From the Fall 2012 issue of Democratic Left, the self-described “publication of the Democratic Socialists of America,” comes all this:

* An essay entitled, Can the Unions Survive? Can the Left Have a Voice? By Nelson Lichtenstein, whose biography at the end of the article lists him as a history teacher at the University of California, Santa Barbara.

* An article, Triple Jeopardy: Women Lose Public Sector Services, Jobs and Union Rights, by Mimi Abramovitz, a professor of social policy at the Silberman School of Social Work at Hunter College, CUNY.

* A book review on John Nichols’ Uprising: How Wisconsin Renewed the Politics of Protest, from Wisconsin to Wall Street, by Maurice Isserman. Isserman teaches American history at Hamilton College.

* Another book review on Frank Nardacke’s Trampling Out the Vintage: Cesar Chavez and the Two Souls of the United Farm Workers, by Duane Campbell, who is a professor of bilingual and multicultural education at California State University-Sacramento. Campbell’s a favored DSA author; he has another book review published in the Democratic Left’s Spring 2012 edition, as well as an essay opposing education cuts in California in the Spring 2010 edition.

Move to the Summer 2012 edition:

Joseph M. Schwartz, national vice-chair of DSA and political science teacher at Temple University, writes on the 2012 elections: Tragic Dilemmas, Left Possibilities. And Frances Fox Piven and Cornell West – the former, a political science professor at The Graduate Center at City College of New York, and the latter, a professor of African American studies at Princeton and of Christian studies at Union Theological Seminary – publish their remarks from The Left Forum in New York City in March.

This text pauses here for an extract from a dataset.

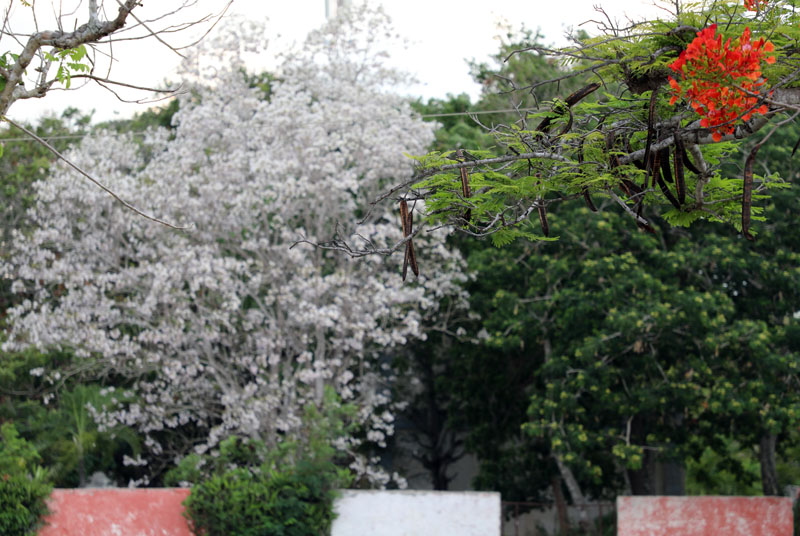 flores foto 010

The previous edition, Spring 2012, featured Norman Birnbaum, professor emeritus at Georgetown University Law School, writing an article, Asocial Europe, along with two student contributions: Beth Cozzolino wrote on the occupy movement as an activist for Temple University; Phillip Logan wrote on the growing acceptance of socialism among the younger generation as an activist voice for Wright State University in Dayton, Ohio.

In Spring 2010, came a piece from Stephen Shalom, political science professor at William Paterson University in New Jersey, on the death of Howard Zinn – a socialist-minded professor himself, who taught at Spelman College and Boston University. In Summer 2006 was piece from Ralph Lewis, professor of sociology at the University of Chicago, on controlling the direction of America’s immigration policy. And go as far back to Fall 2001, and there’s a piece from Alice Kessler-Harris, professor of history at Columbia University, called Economic Citizenship: The Next Battle?

That’s all just a quick and random sampling. Doubtless one could go through each edition, as posted online, and uncover even greater socialist injection into America’s higher places of learning. The point is this: You won’t find a free-market argument written by the likes of Ann Coulter or Mark Stein or Cal Thomas within the pages of this magazine. The pages of the Democratic Left are reserved for those writers who only put forth an agenda touted by the Democratic-Socialists – the largest group of admitted Socialist Party true believers in the nation. The fact that the magazine’s written to a great degree by our country’s college professors only gives further evidence to what conservatives have argued for years: Our institutions of higher learning have been usurped by radical leftists with unpatriotic political leanings.

Parents take note. Today’s college experience, along with its promise of opening eyes and expanding minds, may mean something entirely unexpected, unwanted -- even downright dangerous.